## Task directions
From the first line to the last, copy the material exactly and leave the pictures out.
START Data below
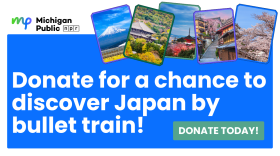 graphic with images of scenery in Japan with text that says "enter to win a trip to japan by bullet train"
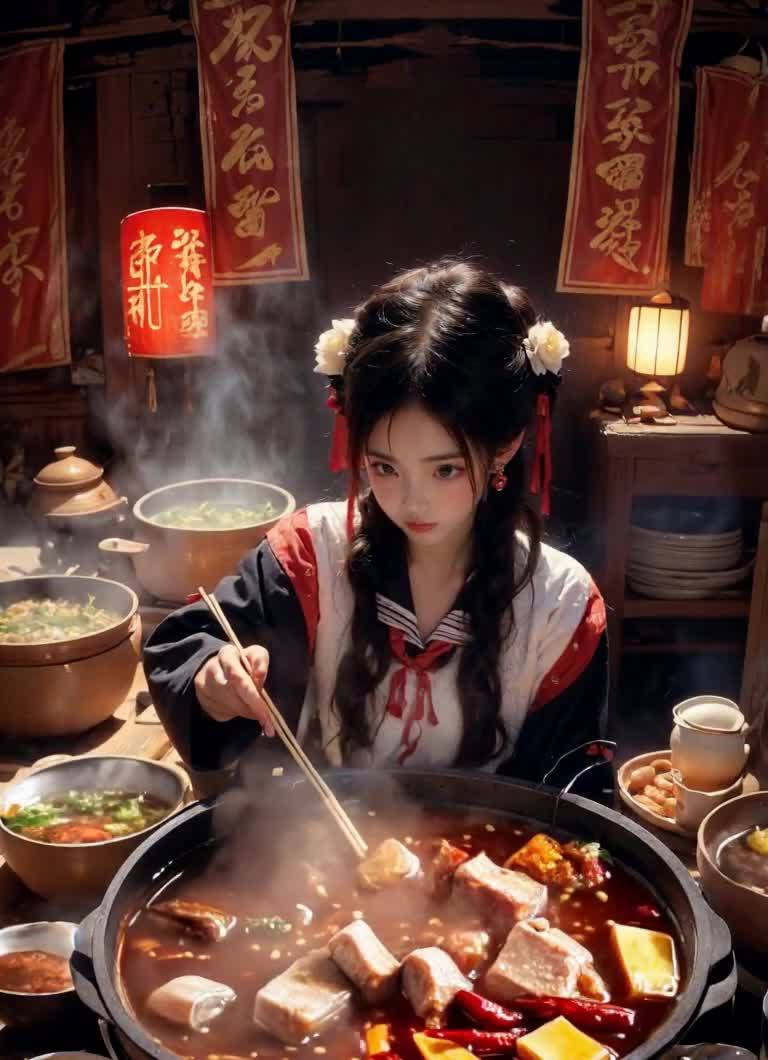 一位年轻女子坐在桌旁，她的头发上戴着白色花朵，穿着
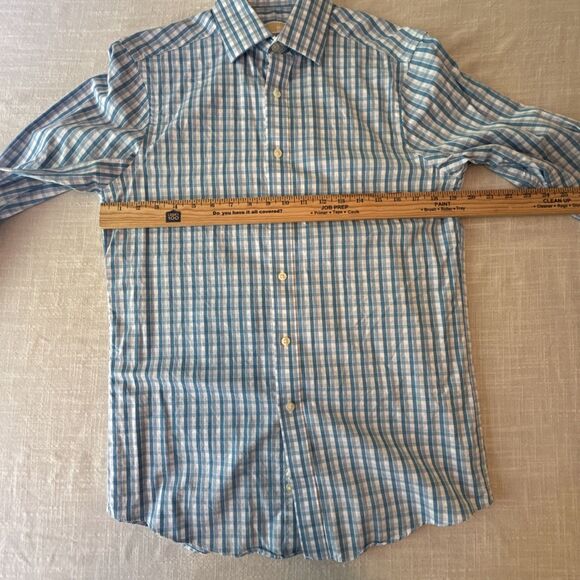 Michael Kors Sz 15 : 32/33 Slim Fit Checker Button Collar Shirt Blue Long Sleeve - Picture 6 of 10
END Data below
## Result of the exercise
 graphic with images of scenery in Japan with text that says "enter to win a trip to japan by bullet train"
 一位年轻女子坐在桌旁，她的头发上戴着白色花朵，穿着
 Michael Kors Sz 15 : 32/33 Slim Fit Checker Button Collar Shirt Blue Long Sleeve - Picture 6 of 10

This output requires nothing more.